Your understanding is fine. But the answer to your question is not
straightforward. It is often not possible to ascertain at what level in the
atmosphere a disturbance actually begins. The atmosphere is a complex system
containing many feedback paths, but in my opinion, it can be made a little
more understandable if considered from the 'top down'. The pressure pattern
and winds (and therefor the troughs/ridges, highs/lows) at any level are
determined by the pressure pattern/winds at some higher level, plus the
thermal pattern in between. Very often disturbances in the flow in the upper
troposphere/lower stratosphere produce a dynamic coupling which causes
descent and warming in the lower stratosphere and vice versa, which will
cause troughs and ridges in the upper troposphere to amplify or decay.
Disturbances in the flow can propagate downstream, and influence the
downstream development in a way that reflects their initial development,
which may in turn have been influenced by earlier upwind changes. By that I
mean that a short-wave upper trough, with its attendant overlying couplet of
warming and cooling, can find itself, by dint of moving downstream, in an
environment conducive to rapid amplification through positive feedback
between the flow strength and shape (vorticity) and the overlying thermal
field. But changes in vorticity experienced by the flow are accompanied by
stretching/contraction of vertical columns in the upper troposphere and
lower stratosphere, and the effect of this on the thermal field there is
most marked in the lower stratosphere because of the stable temperature
lapse rate that generally exists there. So, it is a case of feedback that
determines whether the vorticical stretching and contraction will be able to
produce amplification or damping of a disturbance, and the development
itself will influence the vorticity pattern and the way it changes.
Perhaps this doesn't make it any clearer for you, but hopefully may help.

--
Bernard Burton
Wokingham, Berkshire, UK.

Weather satellite images at:
www.woksat.info/wwp.html

"FrenchScotPilot" wrote in
message ...

Hello,

This is my first post.

I was trying to understand the coupling between the conditions at the
surface condition and aloft. So far, I got to the following:
- An imbedded short wave disturbs the upper airflow creating cold and
warm air advections and intensifying the trough/ridge
- The polar jet stream creates areas of convergence aloft (supplying air
to the surface high pressure) and divergence aloft (removing air from
the surface cyclone).

Now, I had a look at the creation of these short waves, I found that
they usually originate from terrain disturbance (barotropic instability)
or from baroclinic instability (where air gets squeezed between frontal
zones and the tropopause).

How does it actually work because it seems that surface influences aloft
and aloft influences surface, but which one starts first?

Many thanks,

Stephane




--
FrenchScotPilot

Thanks Bernard for taking the time to answer me in such details.
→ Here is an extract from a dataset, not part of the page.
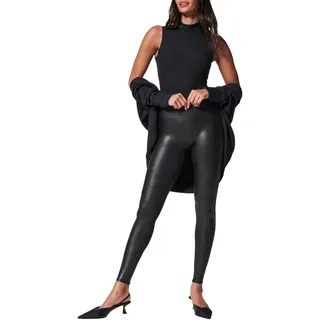 SPANX Kunstleder-Leggings für Damen, Bauchkontrolle, Schwarz, Large Zierlich - L Petite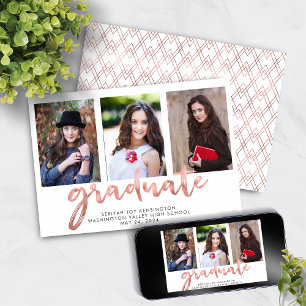 Anúncio Foto de Graduação Rosa Geométrica por Graduação Ma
It indeed sounds like a complex matter. I'll have a look at your link, it looks very interesting.

For information, I managed to compile a succinct explanation:

A strong IPV anomaly at upper levels has a strong cyclonic circulation associated with it. A weaker extension of this circulation extends down to the surface. When the anomaly moves over a baroclinic zone the lower level circulation induces a wave in the thermal field, the wave crest forming a positive temperature anomaly. This new center establishes its own cyclonic circulation, the upward extension of which can eventually reinforce the flow about the upper centre. Thus a process a mutual reinforcement (positive feedback) is established.

Ref: Structure and Evolution of Baroclinic Waves and Fronts - Isentropic Potential Vorticity approach

http://www.comet.ucar.edu/class/aes_...cs/PVintro.pdf

Stephane